The last part of the book, "The Household" or "the King's Body," examines the court, the working environment of the king, in terms of his two bodies "the natural and the politic" (157). Chapter Seven, "The High Offices and Officials of the Household," describes the various officials and servants who belonged to the court, based on the palatine ordinances developed by the various monarchs, but especially those of Pere the Great. This king established his ordinances as a response to very concrete situations and clearly codified a series of offices, including the majordomo (the highest official in the household) and the reboster (the custodian of the royal stores, the second most important official). Later, in 1344, under Pere the Ceremonious, a series of new offices were created for the monarch's household. Chapter Eight, "The Needs of King, Queen and Court: Table, Lodging, and Entertainment," focuses once more on the court of Pere the Great, although here the household of Pere's queen, Costanza of Hohenstaufen, heiress to the Kingdom of Sicily, is also considered. As she notes, the households of the queens and "the ruling princess paralleled in smaller scale the organization of the king's"(174). VanLandingham only touches on the topic, probably because palatine regulations she studies refer almost exclusively to the kings' courts. In fact, there are references to the queen's household included in Jaume the Just's ordinances of 1308 (appendix F, p. 221-223), and the same king also provided concrete regulations for the court of his wife Maria of Cyprus in 1318. Further, in 1353 Pere the Ceremonious added an additional ordinacions to his protocol, regulating the ceremony of coronation of the king and queen. The rest of the chapter deals with the king's table, security and entertainment and the officials in charge of these.

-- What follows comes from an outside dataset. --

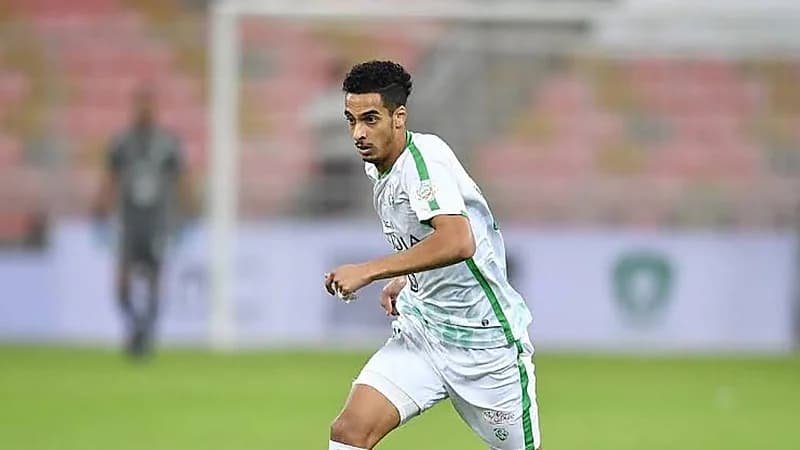 الأهلي يحدد مستقبل الأسمري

Finally, VanLandingham closes her book with a short conclusion (two and a half pages), in which she points out how the monarchs of the Crown of Aragon of the thirteenth and fourteenth centuries "attempted to enact programs of kingship that utilized and manipulated precepts of Roman law and other contemporary political theories, as well as examples and traditions from their own and neighboring realms, in order to increase the effectiveness and extent of their exercise of power" (196). In this manner they reorganized their courts to be more effective for gathering resources and controlling their subjects. The book also includes appendices with English translations of the palatine ordinances of Pere the Great, Alfons the Liberal and Jaume the Just. VanLandingham chooses not to include the fourteenth-century Ordinacions of Pere the Ceremonious or the Leges Palatinae of Jaume III of Mallorca (which were the inspiration for the Ordinacions). Pere's code is the most complete and detailed of all of the sources, but it is perhaps too lengthy to publish as an appendix. Although all of these palatine ordinances have been published in the original languages, these appendices will be helpful for teaching and for non-Catalan speaking historians interested in issues of kingship and royal administration.

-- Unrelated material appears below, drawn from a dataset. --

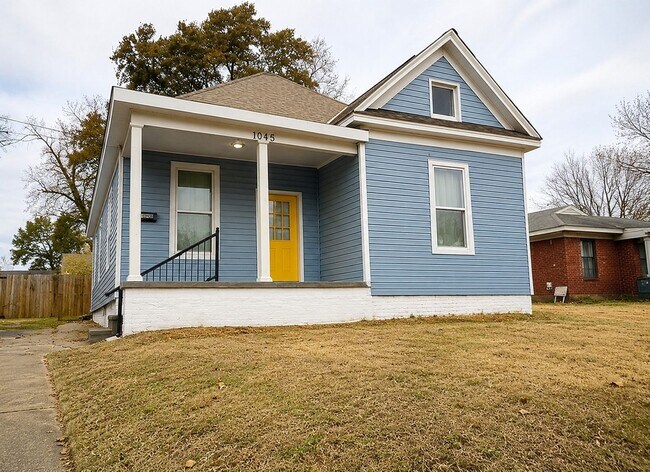 Building Photo - 1045 Ayers St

In sum, VanLandingham's book presents a clear picture of the development of the royal ordinances which contributed to the creation of a more efficient administrative bureaucracy and a better controlled household for the kings of the Crown of Aragon, an important theme in medieval Spanish political history and the history of the state. The sources are exhaustively described, and her analysis of them, based on her archival investigation, is credible if conservative. The author is familiar with and makes good use of previous scholarly work on the subject, and goes a step further by framing her analysis in a broad chronological period.

NOTE:

[[1]] Altisent, Agusti. L'almoina reial a la cort de Pere el Cerimonios. Estudi i edicio dels manuscrits de l'almoiner fra Guillem Daude, monjo de Poblet (1378-1385). Poblet: Scriptum Populeti, 1966, XLII.